I was on the stage, taking care of some last-minute details for my final taping, when John walked up to me. John, a formidable talent and Midwestern workhorse, would remain on the show and eventually run it. That day, however, he was a messenger. The message was accompanied by three cigars.

“These are from Cosby,” he said, handing me the cigars. “He said, ‘Tell Earl he’s an honest man.’”

And that was that.

A surreal postscript…

Five years later, I was walking down a street on the Universal Studios lot on my way to the filming of the pilot of Major Dad. As I passed a large trailer sitting beside a movie soundstage, there was Bill Cosby, sitting on the steps, reading the biography of Sammy Davis.

“How’re ya doin’, Doctor?” I inquired, as if our last conversation had been a week earlier rather than half a decade.

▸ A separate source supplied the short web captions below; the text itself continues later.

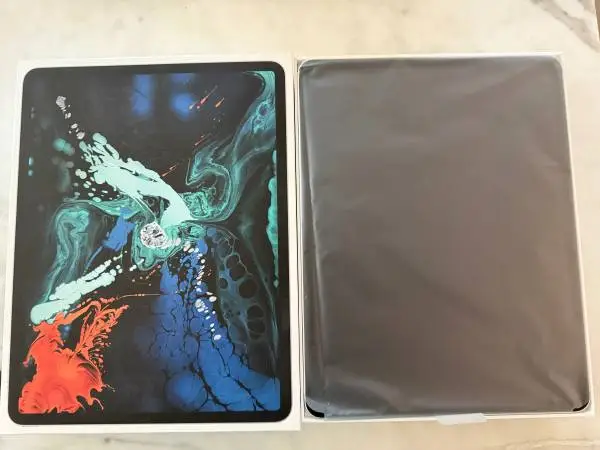 iPad Pro 12.9 3rd 1TB Cellular Unlocked + Stylus Pen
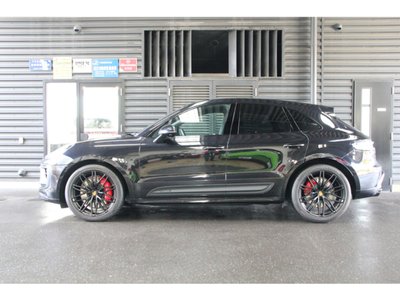 PORSCHE MACAN - 2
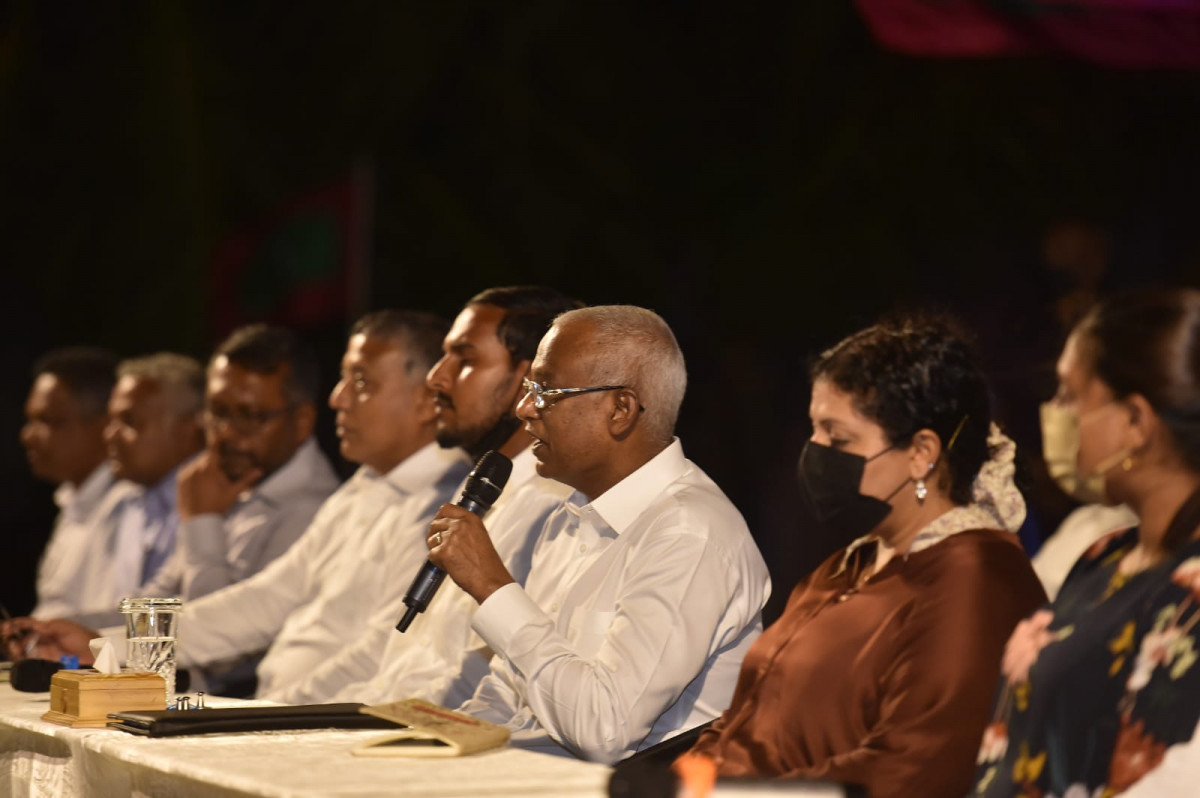 ހިންނަވަރު ރައްޔިތުންނާ ބައްދަލު ކުރެއްވުން - ކައުންސިލުގެ އިމާރާތް ހެދުމުގެ މަސައްކަތް ބަޖެޓުގައި ހިމެނޭކަމަށާއި މަގު ހެދުމާއި ޔުނިވަރސިޓީގެ ކެމްޕަހެއް ޤާއިމުކުރުމާއި ކަރަންޓުގެ ވިއުގަ ރަނގަޅުކުރުމާއި 100 ހައުސިންގ ޔުނިޓް ޤާއިމުކުރުމުގެ މަސައްކަތް ވެސް ކުރިޔަށްދާނެކަމުގައި ރައީސުލްޖުމްހޫރިއްޔާ ވިދާޅުވި - ފޮޓޯ: ރައީސް އޮފީސް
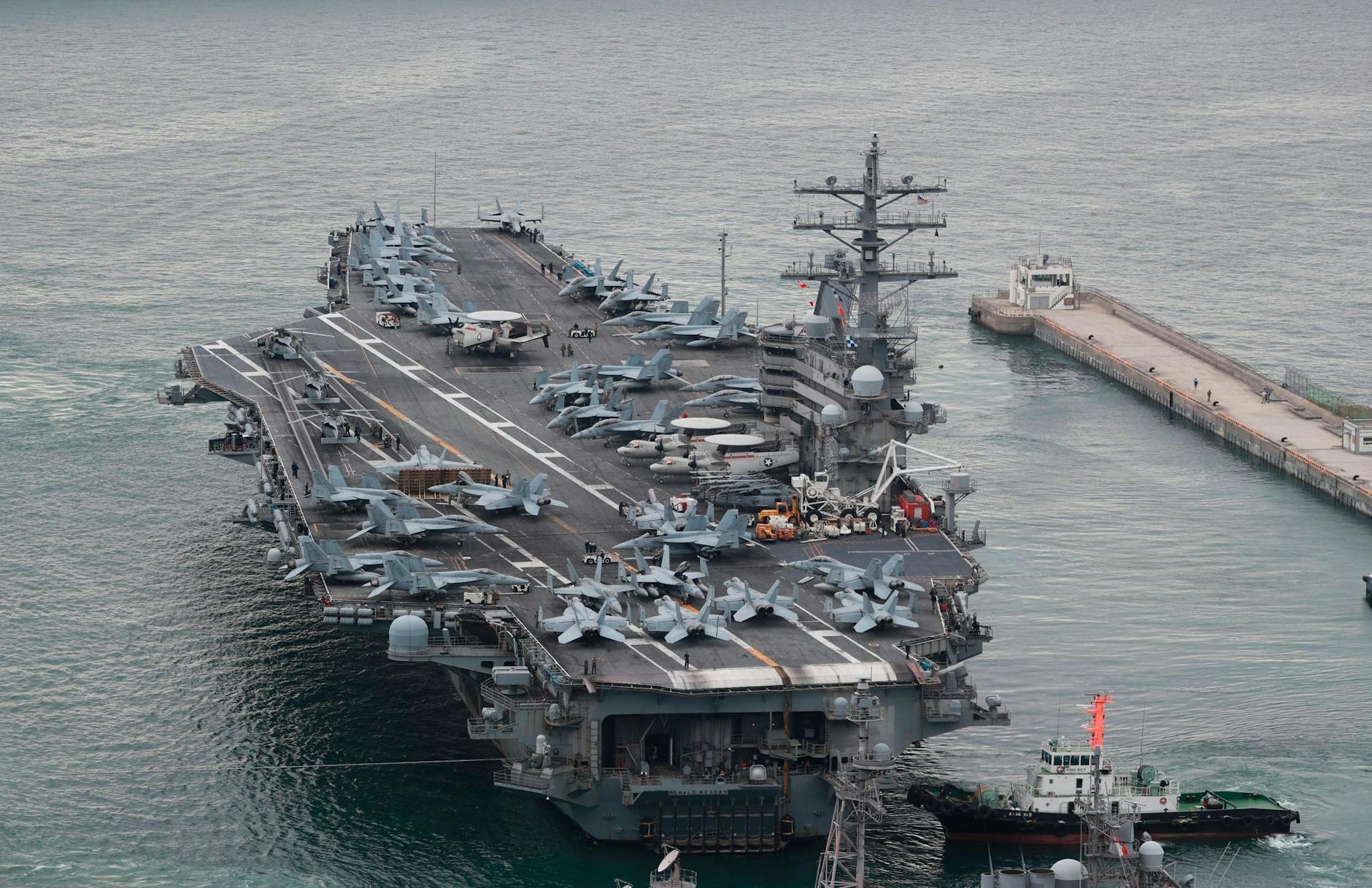 Der US-Flugzeugträger USS Ronald Reagan verlässt den Hafen im südkoreanischen Busan. Der Flugzeugträger nimmt gemeinsam mit südkoreanischen Kriegsschiffen vor der Ostküste der koreanischen Halbinsel an einer Marineübung teil.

Cosby looked up, and smiled broadly. Then came the familiar friendly growl.

“Errrl.”

There are some people for whom, despite the difficulty they may have caused you, you retain, against all reason, affectionate feelings. I was “this close” to asking Bill if he wanted to do the Major Dad Warm-up.

7 comments:

  1. I have thoroughly enjoyed the SoaW Part Fifteen mini-series. I've always been a Cosby fan and was delighted to read about your experience.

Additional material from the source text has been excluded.